● **Task brief**: Print each line exactly, from the one with "Undercover Boss" to the very last line of the listing, and keep the pictures out.
+++ Data
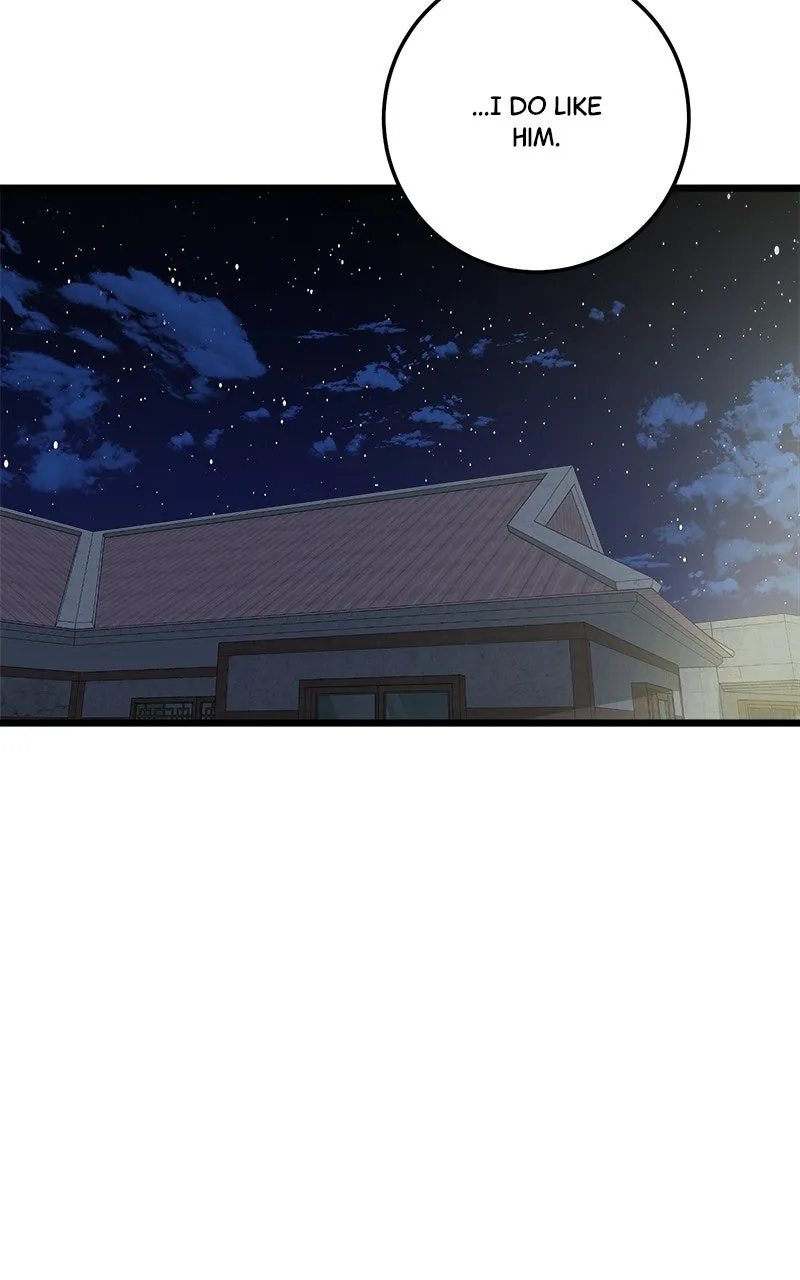 Read Rules for Dating Trash EN Manga Online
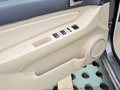 北汽E系列 E150 EV 电动版 2013款图片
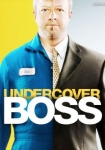 Undercover Boss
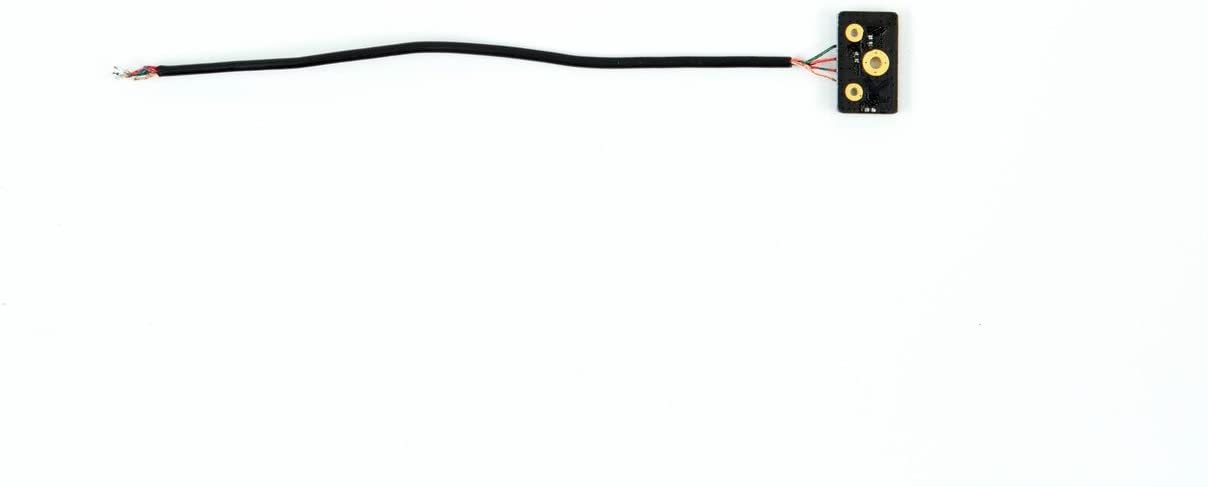 DJI Mavic Compass Board (GKAS)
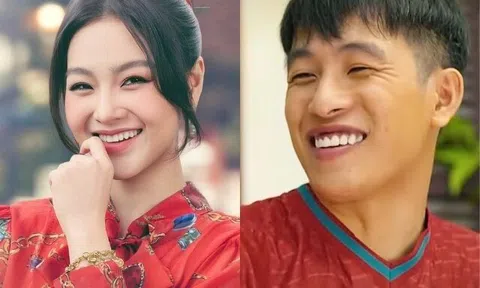 Dàn sao mới của Mùa Hè Năm Ấy: "Chị đại" bị soi gu sến, "cây hài" Táo Quân thoại 1 câu khiến khán giả mừng rơn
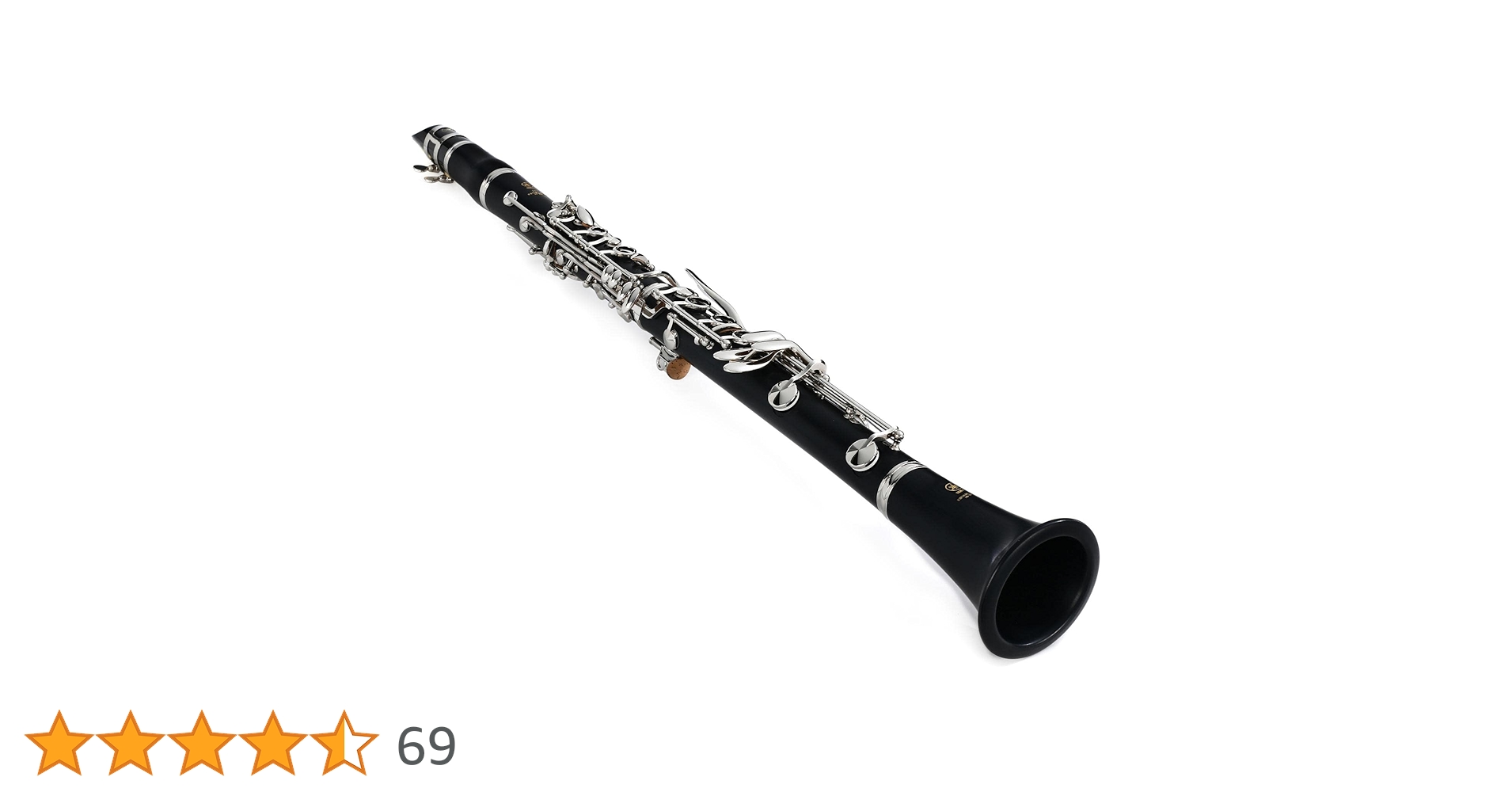 613dRZTgGPL.jpg_BO30,255,255,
++++++
● **Result for this exercise**:
 Undercover Boss
 DJI Mavic Compass Board (GKAS)
 Dàn sao mới của Mùa Hè Năm Ấy: "Chị đại" bị soi gu sến, "cây hài" Táo Quân thoại 1 câu khiến khán giả mừng rơn
 613dRZTgGPL.jpg_BO30,255,255,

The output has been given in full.